**THE TASK**. Retype each line of the listing below, word for word.

**DATA FOR THIS EXERCISE**.

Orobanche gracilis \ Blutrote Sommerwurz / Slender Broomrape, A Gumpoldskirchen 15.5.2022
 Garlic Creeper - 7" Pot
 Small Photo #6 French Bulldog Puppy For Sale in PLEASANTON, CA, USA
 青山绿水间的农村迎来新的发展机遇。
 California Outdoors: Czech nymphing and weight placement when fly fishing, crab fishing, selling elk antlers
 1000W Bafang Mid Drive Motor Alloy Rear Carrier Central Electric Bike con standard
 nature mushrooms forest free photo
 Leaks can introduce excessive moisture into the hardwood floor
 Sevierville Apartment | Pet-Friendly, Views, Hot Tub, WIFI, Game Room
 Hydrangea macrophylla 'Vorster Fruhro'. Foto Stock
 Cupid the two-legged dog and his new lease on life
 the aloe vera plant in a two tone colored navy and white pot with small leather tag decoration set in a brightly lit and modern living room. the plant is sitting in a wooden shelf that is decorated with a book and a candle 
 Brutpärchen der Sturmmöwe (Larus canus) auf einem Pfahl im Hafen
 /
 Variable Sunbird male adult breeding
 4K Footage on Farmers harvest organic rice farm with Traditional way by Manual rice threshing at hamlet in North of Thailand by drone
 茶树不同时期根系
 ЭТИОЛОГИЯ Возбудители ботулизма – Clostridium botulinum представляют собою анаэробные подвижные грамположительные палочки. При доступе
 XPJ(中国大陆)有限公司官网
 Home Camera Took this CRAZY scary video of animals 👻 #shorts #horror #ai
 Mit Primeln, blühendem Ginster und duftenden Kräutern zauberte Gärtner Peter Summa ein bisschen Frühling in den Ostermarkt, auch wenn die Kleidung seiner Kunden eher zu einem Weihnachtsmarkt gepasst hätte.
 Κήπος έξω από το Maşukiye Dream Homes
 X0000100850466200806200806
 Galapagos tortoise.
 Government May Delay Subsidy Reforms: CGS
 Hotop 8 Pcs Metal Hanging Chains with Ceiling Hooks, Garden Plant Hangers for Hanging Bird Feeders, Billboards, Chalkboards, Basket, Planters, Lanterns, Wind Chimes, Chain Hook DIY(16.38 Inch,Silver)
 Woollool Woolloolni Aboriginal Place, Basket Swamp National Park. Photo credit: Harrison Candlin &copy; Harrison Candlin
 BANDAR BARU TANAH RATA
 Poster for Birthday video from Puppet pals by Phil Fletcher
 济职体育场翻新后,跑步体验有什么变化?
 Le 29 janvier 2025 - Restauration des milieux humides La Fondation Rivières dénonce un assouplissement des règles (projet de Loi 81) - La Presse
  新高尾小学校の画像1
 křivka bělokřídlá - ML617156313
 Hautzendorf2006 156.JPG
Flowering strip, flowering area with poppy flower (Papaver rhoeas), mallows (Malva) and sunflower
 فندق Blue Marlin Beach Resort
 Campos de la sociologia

**RESULT OF THE TASK**.
Orobanche gracilis \ Blutrote Sommerwurz / Slender Broomrape, A Gumpoldskirchen 15.5.2022
 Garlic Creeper - 7" Pot
 Small Photo #6 French Bulldog Puppy For Sale in PLEASANTON, CA, USA
 青山绿水间的农村迎来新的发展机遇。
 California Outdoors: Czech nymphing and weight placement when fly fishing, crab fishing, selling elk antlers
 1000W Bafang Mid Drive Motor Alloy Rear Carrier Central Electric Bike con standard
 nature mushrooms forest free photo
 Leaks can introduce excessive moisture into the hardwood floor
 Sevierville Apartment | Pet-Friendly, Views, Hot Tub, WIFI, Game Room
 Hydrangea macrophylla 'Vorster Fruhro'. Foto Stock
 Cupid the two-legged dog and his new lease on life
 the aloe vera plant in a two tone colored navy and white pot with small leather tag decoration set in a brightly lit and modern living room. the plant is sitting in a wooden shelf that is decorated with a book and a candle 
 Brutpärchen der Sturmmöwe (Larus canus) auf einem Pfahl im Hafen
 /
 Variable Sunbird male adult breeding
 4K Footage on Farmers harvest organic rice farm with Traditional way by Manual rice threshing at hamlet in North of Thailand by drone
 茶树不同时期根系
 ЭТИОЛОГИЯ Возбудители ботулизма – Clostridium botulinum представляют собою анаэробные подвижные грамположительные палочки. При доступе
 XPJ(中国大陆)有限公司官网
 Home Camera Took this CRAZY scary video of animals 👻 #shorts #horror #ai
 Mit Primeln, blühendem Ginster und duftenden Kräutern zauberte Gärtner Peter Summa ein bisschen Frühling in den Ostermarkt, auch wenn die Kleidung seiner Kunden eher zu einem Weihnachtsmarkt gepasst hätte.
 Κήπος έξω από το Maşukiye Dream Homes
 X0000100850466200806200806
 Galapagos tortoise.
 Government May Delay Subsidy Reforms: CGS
 Hotop 8 Pcs Metal Hanging Chains with Ceiling Hooks, Garden Plant Hangers for Hanging Bird Feeders, Billboards, Chalkboards, Basket, Planters, Lanterns, Wind Chimes, Chain Hook DIY(16.38 Inch,Silver)
 Woollool Woolloolni Aboriginal Place, Basket Swamp National Park. Photo credit: Harrison Candlin &copy; Harrison Candlin
 BANDAR BARU TANAH RATA
 Poster for Birthday video from Puppet pals by Phil Fletcher
 济职体育场翻新后,跑步体验有什么变化?
 Le 29 janvier 2025 - Restauration des milieux humides La Fondation Rivières dénonce un assouplissement des règles (projet de Loi 81) - La Presse
  新高尾小学校の画像1
 křivka bělokřídlá - ML617156313
 Hautzendorf2006 156.JPG
Flowering strip, flowering area with poppy flower (Papaver rhoeas), mallows (Malva) and sunflower
 فندق Blue Marlin Beach Resort
 Campos de la sociologia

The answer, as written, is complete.